Abstract

We summarize our experimental findings in the arrays of Ni80Fe20 circular nanodots with diameter 300 nm and thickness 20 nm ≤ L ≤ 100 nm, probed by broadband ferromagnetic resonance spectroscopy in the absence of external magnetic field. Spin excitation modes related to the vortex core gyrotropic dynamics were observed in the gigahertz frequency range. Micromagnetic simulations revealed that they are flexure oscillations of the vortex core string with n = 0, 1, 2 nodes along the dot thickness. It was found that for L > 70 nm the intensity of more complicated n = 1 vortex gyrotropic mode is unexpectedly higher than the one of the lowest n = 0 gyrotropic mode. This behavior was clarified on the basis of the inhomogeneous vortex mode phase profiles extracted from micromagnetic simulations and calculated analytically.
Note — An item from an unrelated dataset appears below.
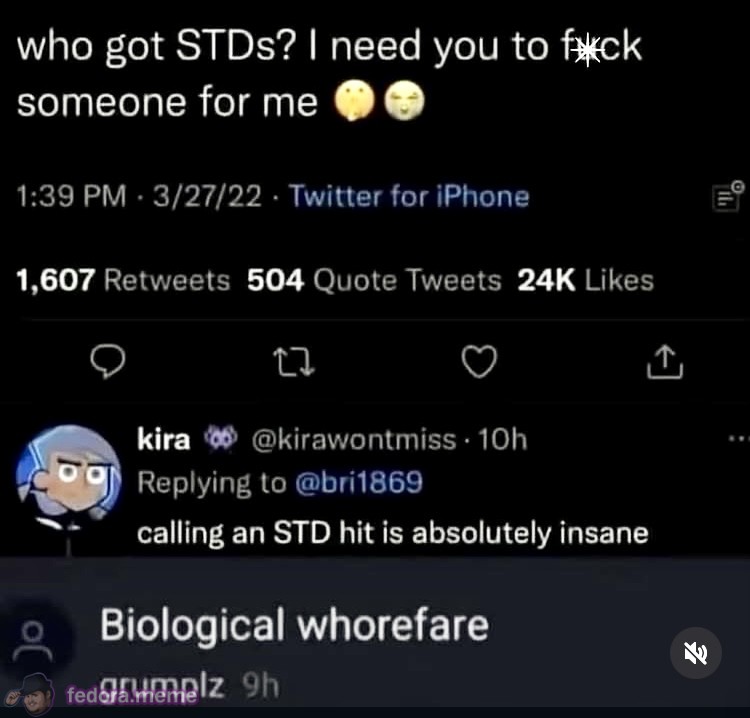 Meme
Precise measurements of the dependence of resonance frequency of the vortex n = 0 mode on the dot thickness demonstrated a clear maximum around L = 70 nm, that was theoretically explained by introducing a vortex mass, which is a result of the vortex distortion due to interaction with spin waves having azimuthal indices m = ±1. Finally, several azimuthal spin-wave modes having curled structure at the dot top and bottom faces were found in the spectrum of the dots with thicknesses L ≥ 40 nm.